THE DATA section start

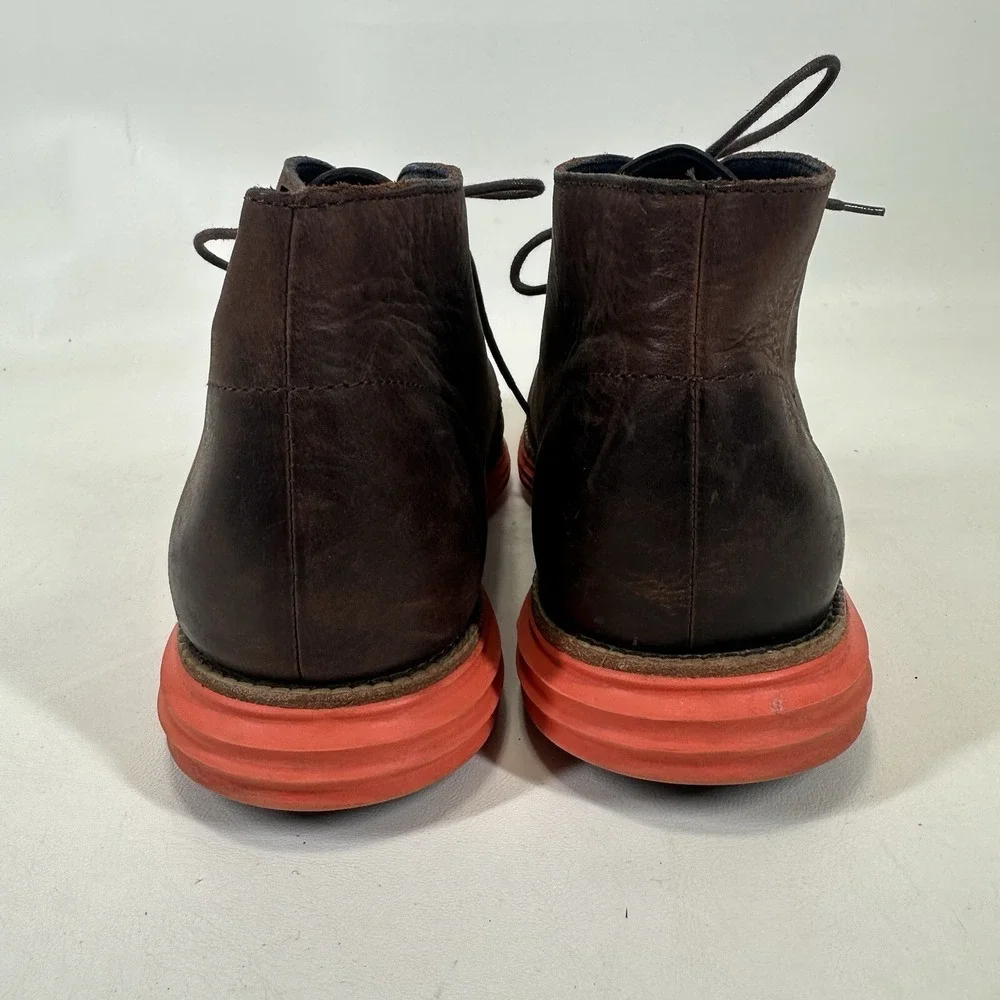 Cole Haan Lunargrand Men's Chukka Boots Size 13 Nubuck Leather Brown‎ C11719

THE DATA section end
THE DATA section start

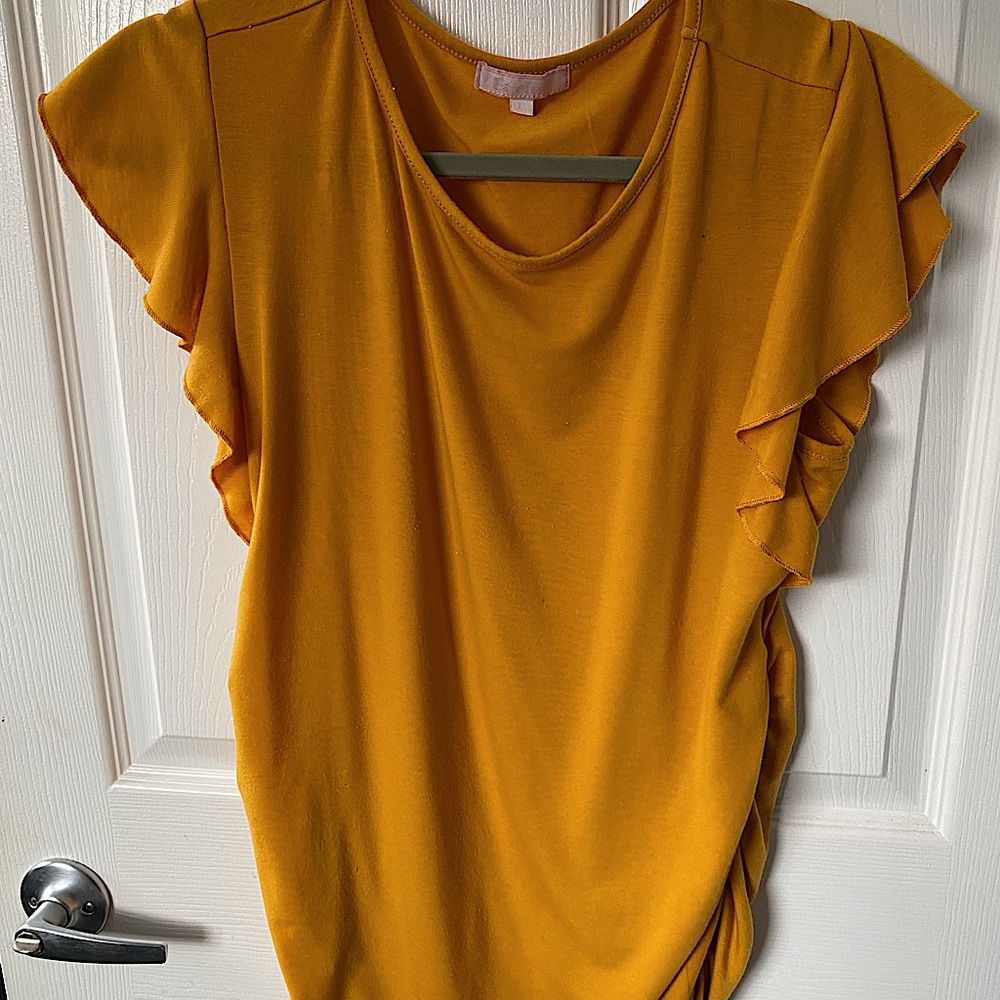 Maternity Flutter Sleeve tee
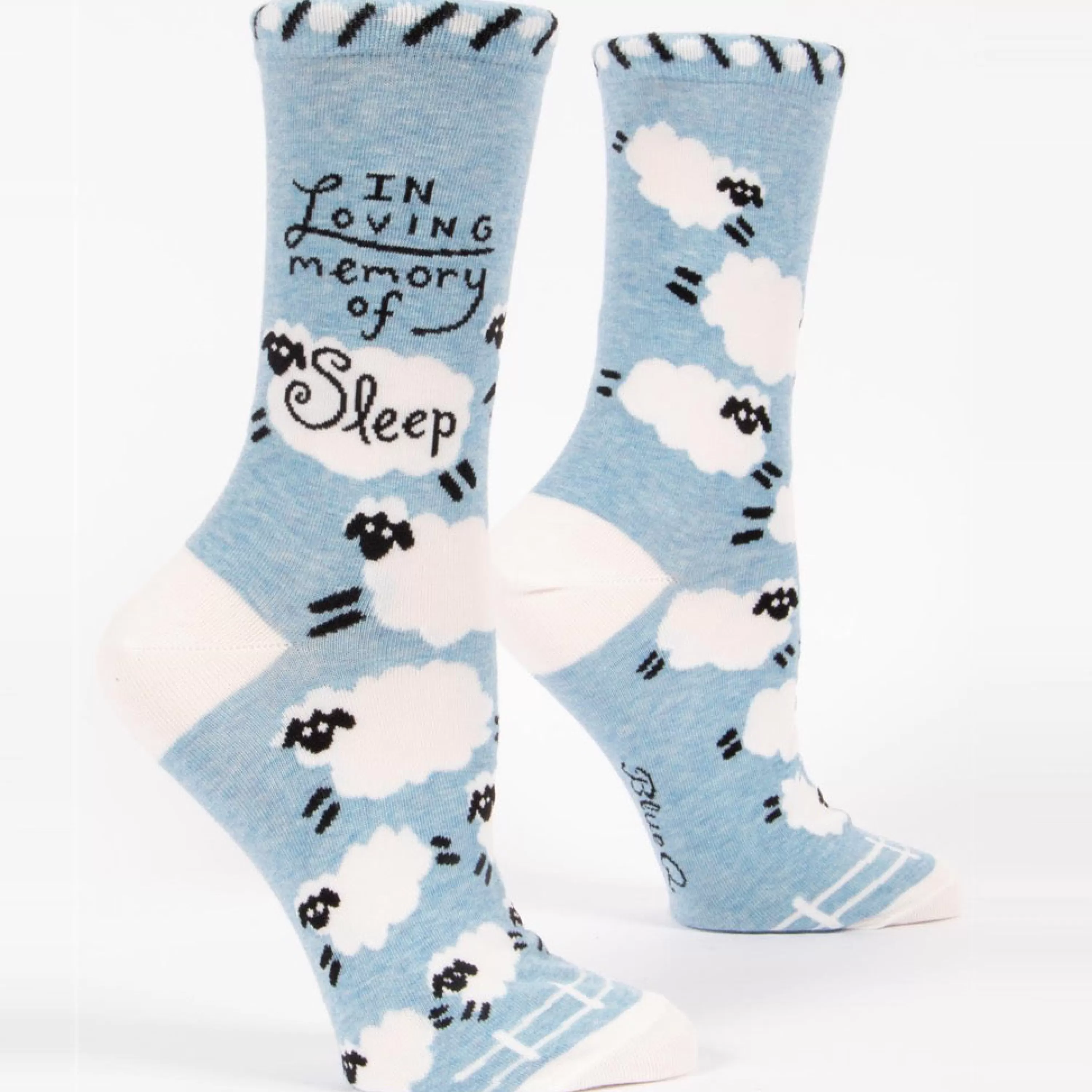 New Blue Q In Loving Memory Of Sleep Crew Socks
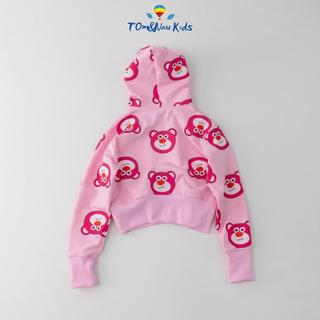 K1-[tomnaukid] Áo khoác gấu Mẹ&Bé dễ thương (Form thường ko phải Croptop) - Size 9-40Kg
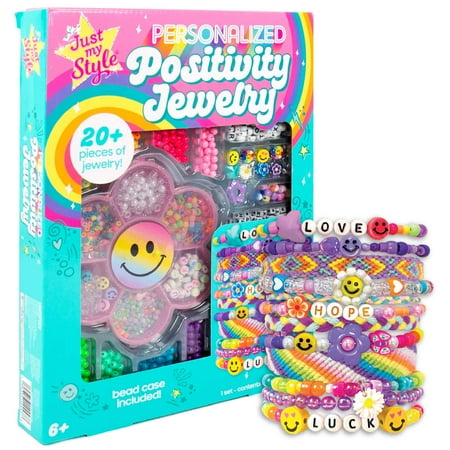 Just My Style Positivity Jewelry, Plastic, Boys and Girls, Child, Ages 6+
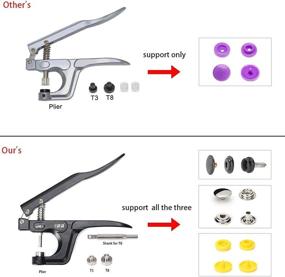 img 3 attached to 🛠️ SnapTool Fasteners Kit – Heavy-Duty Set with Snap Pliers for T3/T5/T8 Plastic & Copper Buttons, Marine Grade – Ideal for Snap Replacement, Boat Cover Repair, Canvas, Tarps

THE DATA section end
THE DATA section start

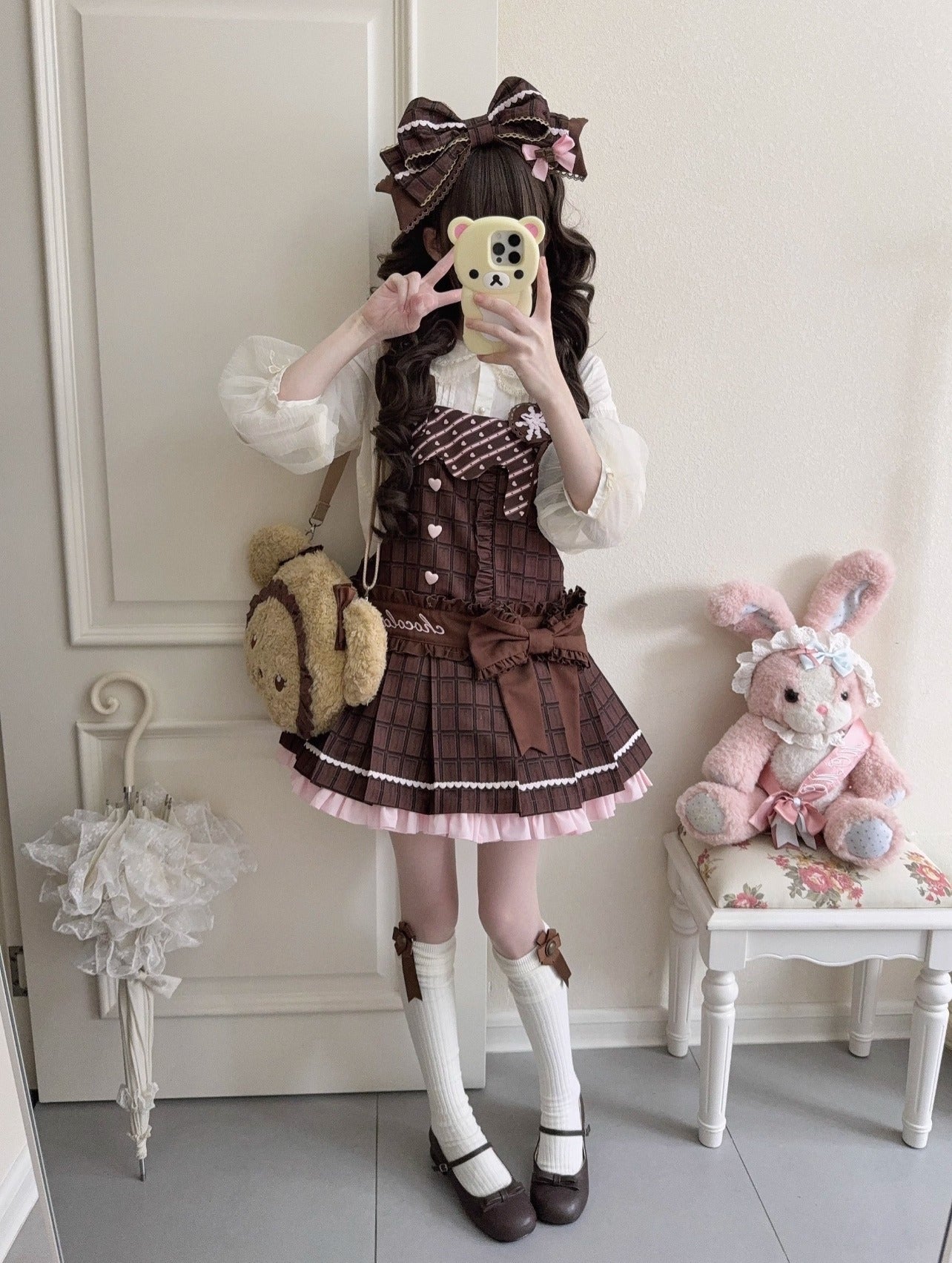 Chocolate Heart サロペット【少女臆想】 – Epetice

THE DATA section end

WORK TASK
Write back word for word every line in the entries above from the one with "K1-[tomnaukid] Áo khoác" to the one with "Just My Style", ends included, and none of the pictures.

TASK OUTPUT
 K1-[tomnaukid] Áo khoác gấu Mẹ&Bé dễ thương (Form thường ko phải Croptop) - Size 9-40Kg
 Just My Style Positivity Jewelry, Plastic, Boys and Girls, Child, Ages 6+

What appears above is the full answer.